Sometimes The Dad let Albert drive the Mark IV around the driveway. Albert would recline the seat as far as it would go, so that he was practically lying down. He'd drive to the end of the driveway and back, switching the gearshift lever from D for Drive to R for Reverse. Sometimes he backed into Stev's driveway or went all the way around the block, but generally he stayed in our driveway, going back and forth. I would sit in the passenger seat, adjusting the dials on the radio. I did not drive because my feet did not touch the pedals, even with the seat pushed all the way forward.
* * *
Tiger's Brother was standing at the end of our driveway. He said, "What's going on?"
The Dad said, "Got a groundhog here."
I said, "We're smoking him out."
Tiger's Brother said, "You think that'll work?"
The Dad said, "Should."
Tiger's Brother said, "Bob.

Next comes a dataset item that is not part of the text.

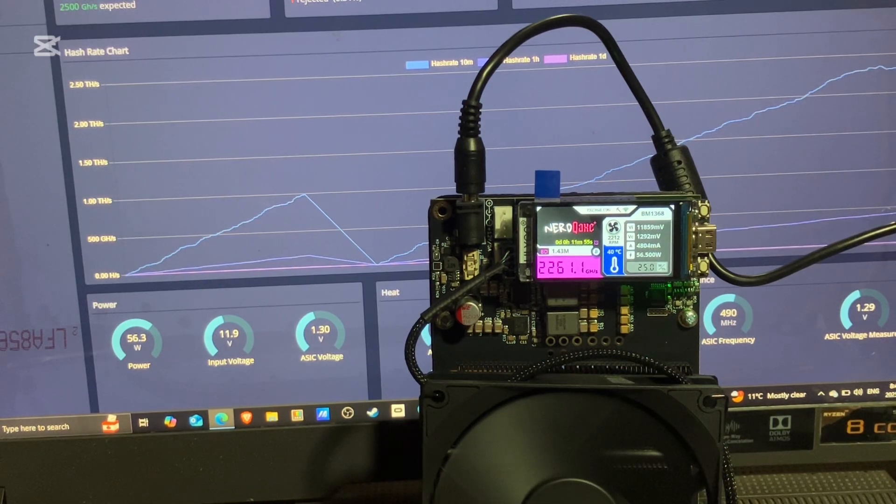So the Nerd QX Plus — for me, I'm getting around 2.2 to 2.3 terahash. Maybe if I do a little bit of overclocking I can pull it to 2.5, but I'm okay with 2.3.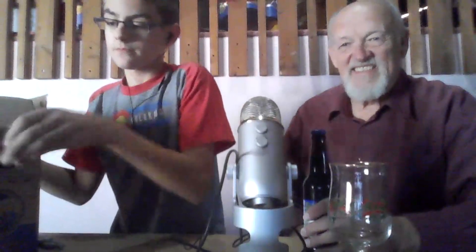Let me just pull it out. Five classic root beers from this time period. Let me just take out the first one and we shall begin sampling. Now, this first kind is Dad's root beer. You are very familiar with this brand, are you? Yes, I am.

I got one for you. Listen to this."
Tiger's Brother stood very close to The Dad. Tiger's Brother always stood close to you when he talked, sometimes within inches of your face, so that you could smell his cabbage breath. He talked in a tone of voice like someone telling you a secret. He said to The Dad in his secretive voice: "Three guys go into a bar. A Jew. A guinea. And a Polack."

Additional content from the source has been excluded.